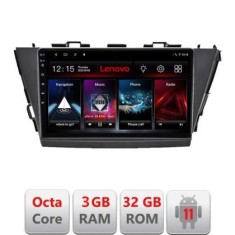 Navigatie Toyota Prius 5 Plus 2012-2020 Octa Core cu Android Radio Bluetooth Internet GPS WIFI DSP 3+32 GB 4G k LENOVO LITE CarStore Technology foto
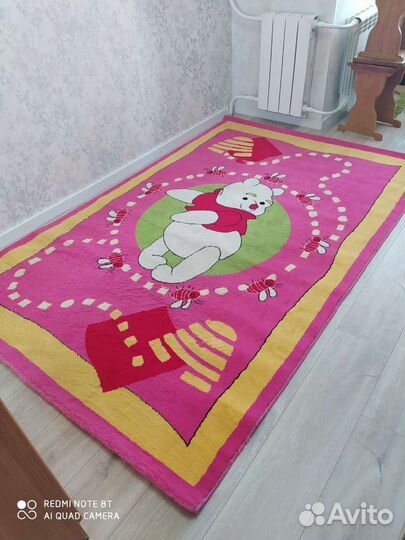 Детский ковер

---

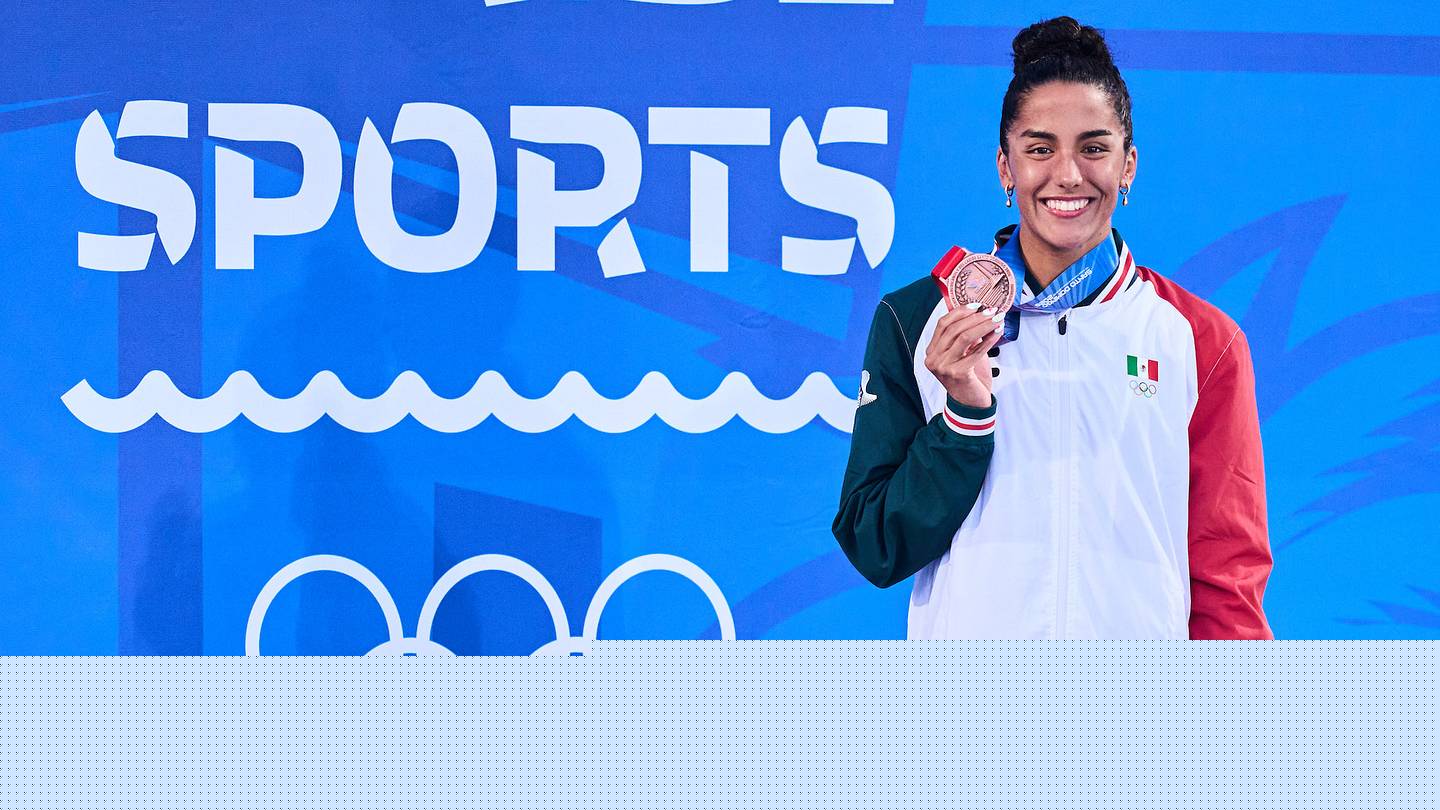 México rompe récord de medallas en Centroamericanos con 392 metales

YOUR OBJECTIVE | Give the lines above again exactly, from the one containing "Navigatie Toyota Prius" to the one containing "Детский ковер", both included, but leave out the pictures.

ANSWER AREA |
 Navigatie Toyota Prius 5 Plus 2012-2020 Octa Core cu Android Radio Bluetooth Internet GPS WIFI DSP 3+32 GB 4G k LENOVO LITE CarStore Technology foto
 Детский ковер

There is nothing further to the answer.